2. The polycarbonate composition according to claim 1, characterized in that, The polycarbonate has a number average molecular weight of 18,000-32,000.
3. The polycarbonate composition according to claim 1, characterized in that, The silicon content of the siloxane polycarbonate is 6%-10%.
4. The polycarbonate composition according to claim 1, characterized in that, The triazine ultraviolet absorber is selected from at least one of the hydroxyphenyltriazine class.
5. The polycarbonate composition according to claim 1, characterized in that, The polycarbonate composition contains 0.1%-0.8% phthalocyanine green by mass.

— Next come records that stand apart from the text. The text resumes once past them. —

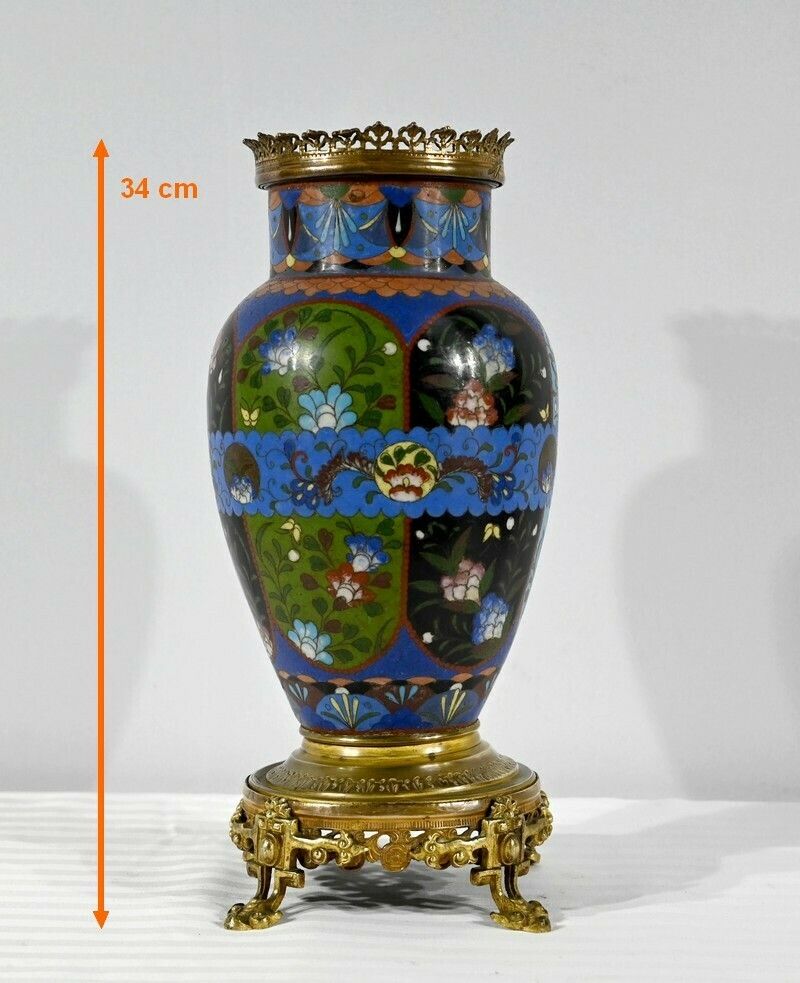 photo vintage Vase In Gilt Bronze And Enamels   Late 19th Century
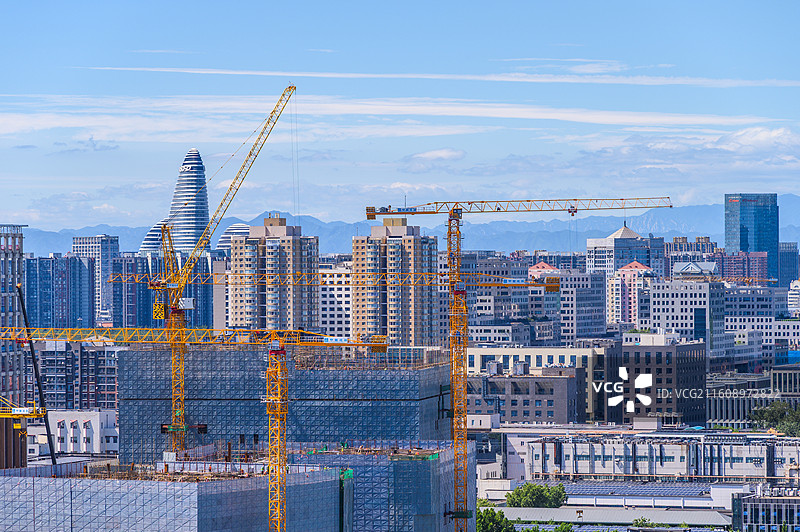 建设发展中的北京朝阳区酒仙桥望京城市天际线图片素材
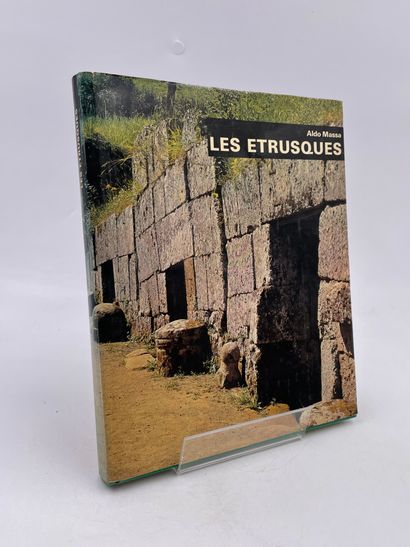 null 1 Volume: "LES ETRUSQUES", Aldo Massa, Ed. Minerva, 1973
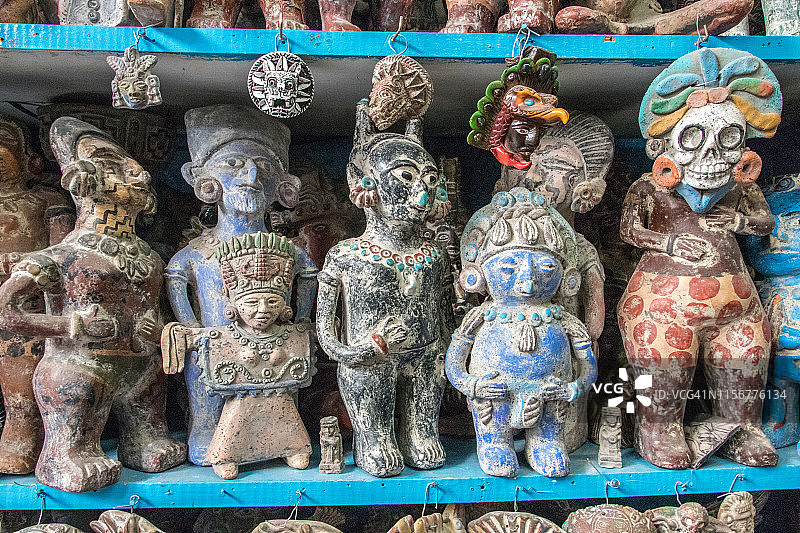 墨西哥市La Ciudadela市场出售的陶瓷雕像纪念品。图片素材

6. The polycarbonate composition according to claim 1, characterized in that, The degree of crosslinking of the crosslinked styrene-acrylonitrile copolymer is 45%-80%.
7. The polycarbonate composition according to claim 1, characterized in that, The product also includes 0.02-0.4 parts by weight of hindered phenolic antioxidants; the hindered phenolic antioxidants are selected from at least one of monophenolic antioxidants, bisphenolic antioxidants, polyphenolic antioxidants, and thiobisphenolic antioxidants.
8. A method for preparing a polycarbonate composition according to any one of claims 1-7, characterized in that, Includes the following steps: The components are stirred and mixed according to the formula to obtain a premix. The premix is then fed into a twin-screw extruder for melt mixing and extrusion granulation to prepare a polycarbonate composition.
9. A transparent component, characterized in that, Includes the polycarbonate composition according to any one of claims 1-7.